The director sighed, and held her hands up again. "Start from three after A."  
  
I forced my breathing to calm again, though there was nothing I could do for my face. It felt as if it had been exposed to the fires of hell. Silently I ran over the notes again in my head, then nearly missed the downbeat. Although I soon found it again. That cello had taken it upon himself to count for me. Damn him. Why couldn't he play the clarinet? Or trumpet…we needed a trumpet. Any instrument that would keep his mouth occupied.  
  
We played the passage through, with minimal mistakes until our orchestra director came through the door. Cocking her head to the side, she exclaimed, a big grin on her face "Ah! The Mozart! Good…good…" Ridding herself of loads of music, she walked up and stopped us. Still grinning – she came directly from teaching a grade school strings class, and anything sounded good after that. She wouldn't tolerate the cello talking out of turn. Not during practice at least. And I could count now…just…concentrate…  
  
She started the piece again, indicating for us to begin where we had left off. I had my four measures of rest…easy enough…then – oh God… My solo solo. Two measures of sixteenth notes that were over before I could ever tongue the first note. Oh no…not these...not now. The measures leading up to them pushed me into a false state of security, hopping along happily. I could play this…1 2 3 4, 1 2 3 4. Deep breath…AAAAAHHHH! I only hit half the notes. The orchestra conductor shook her head, but refused to stop. I still had another chance. The measure repeated itself later on, a few steps up. The violins mimicked, flying along the sixteenth notes like hummingbirds to my buzzard. And it repeated. It didn't get better.  
  
"Stop, stop!" The orchestra director waved her hands, and I sunk behind my stand. She knew how to make a person feel horrible. Especially us winds. "Oboe!" That was me…oh god…she sounded so…frustrated. Perhaps I could pretend I was the flute? "Oboe, you have got to get those runs down! It's been a week now. Haven't you practiced?" I have! I have! I screamed inside my head, but I couldn't talk back to her. The notes were so fast…and high...and awkward. You try them, I wanted to say. But didn't. "Here, listen to Sam play it. Do you think you could get it then?" I nodded, feeling the heat spread itself from my face and behind my eyes. I wouldn't cry. No. I wouldn't. Sam picked up her violin and played the two measures simply, as if they were quarter notes. Except they were quarter notes unfortunate enough to have eaten three bottles of hot sauce.

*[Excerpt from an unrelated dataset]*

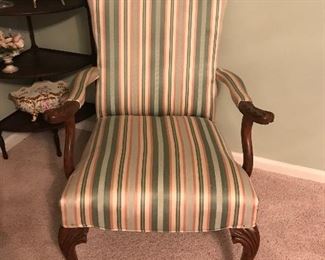 Another great Chippendale Chair with queen anne legs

There was no way I could play those…ever. I had practiced until I couldn't stand it any longer, just on the two runs. "Can you play them now?" I nodded again. "Work on them tonight" Another nod. "Now, go back to the practice rooms and count yourself into a frenzy" I hated those words. She always said them. This time, though, they were just for me. For me. She turned, and her disappointed voice turned to one that wanted to get on with the practicing "French horn, you and the bass clarinet go back and work on your parts together, alright?" I gathered my case and music. The rest of the class washed over me, faces staring, then looking back to our director. The fires of hell were my face. I ran back to the practice room.  
  
Music on stand…reed straight…deep breath…first note, embouchure, play! A tear fell. I couldn't play. More followed. I turned towards the wall, away from the music, away from anyone who might look through the door of the practice room. I couldn't play. I couldn't play. I can't play. I shouldn't be in this class. It doesn't make sense. Why couldn't I? I couldn't. Music had deserted me. 


	2. It doesn't matter

Music swarmed around the room, quick as a flock of bees – though slightly more melodic. The orchestra played, practiced, and meticulously worked on the pieces. The pieces that would never be performed, would never win contests, would never leave the band room. It didn't matter, did it? At least they got to play. That was all that mattered. The school had put up enough money for an orchestra specialist, yet had failed to give enough for contests or concerts. It didn't really matter. The music was fun. They needed the class…it gave a wonderful break between the standardized testing and finals that every other teacher was so eager to hand out. The notes ran from wall to wall and back again, joyfully chasing each other around in intricate games of tag. Music didn't need to be performed for others, it didn't need to be judged or critisized. It was music. That was all that mattered. 


	3. Chadwick

A/N: Chadwick is my oboe, just in case I didn't state that clearly enough. I'd also like to say that Ive been writing these kind of fast, and Im sorry if people are annoyed my thing keeps jumping to the top – Ive told myself Im going to write something every night, and so far, these have been that^_^ I'd also like to thank those who reveiwed, and encourage more to do so!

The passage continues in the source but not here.